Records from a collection
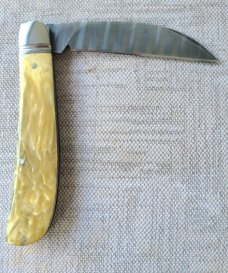 D.R.Davis Swayback Custom..Damascus...Muskox...Fileworked..Jewel liners...Black lip shield..4"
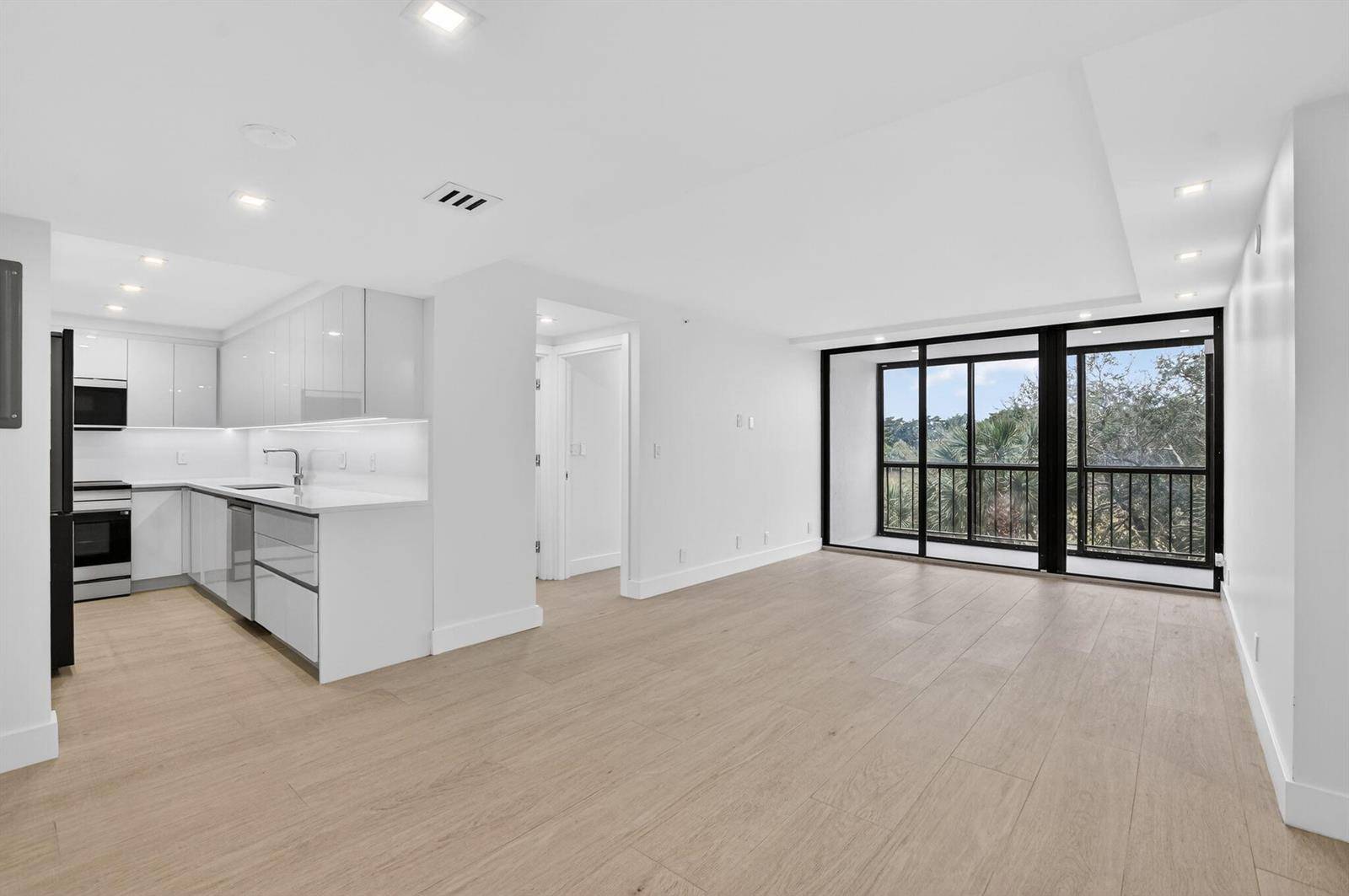 7835 LakesideBoca Raton - Condo condo unit 946 - picture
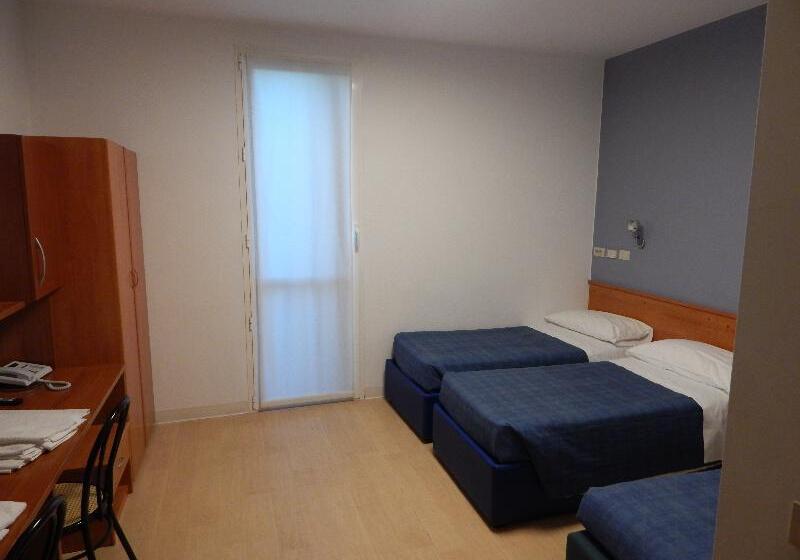 스탠다드 트리플 룸, Excel Residence Next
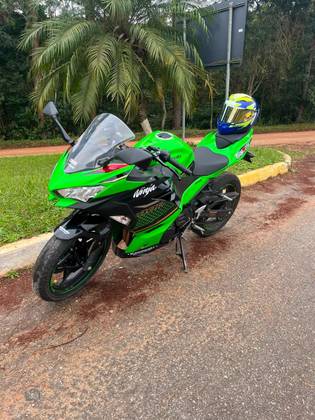 KAWASAKI NINJA 400 KAWASAKI NINJA 400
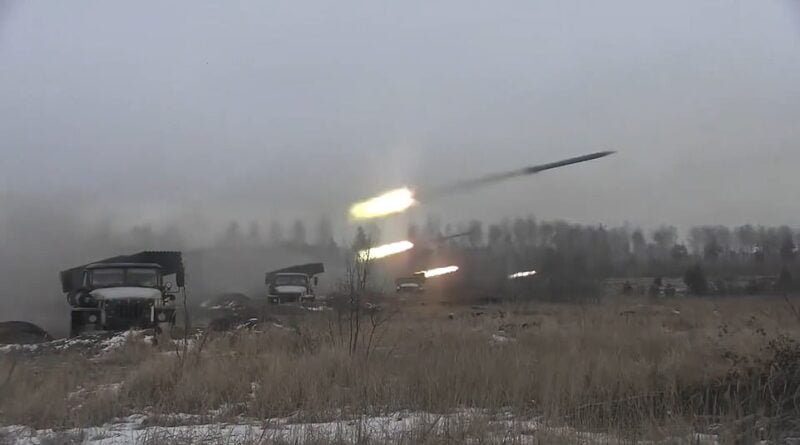  Armata rusă bombardează puternic multe dintre oraşele din Ucraina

• Aim of the exercise: Please retype the lines from the one containing "스탠다드 트리플 룸, Excel Residence Next" through the last line of the records above, exactly as written, and leave out any pictures.

• Answer for the task:
 스탠다드 트리플 룸, Excel Residence Next
 KAWASAKI NINJA 400 KAWASAKI NINJA 400
  Armata rusă bombardează puternic multe dintre oraşele din Ucraina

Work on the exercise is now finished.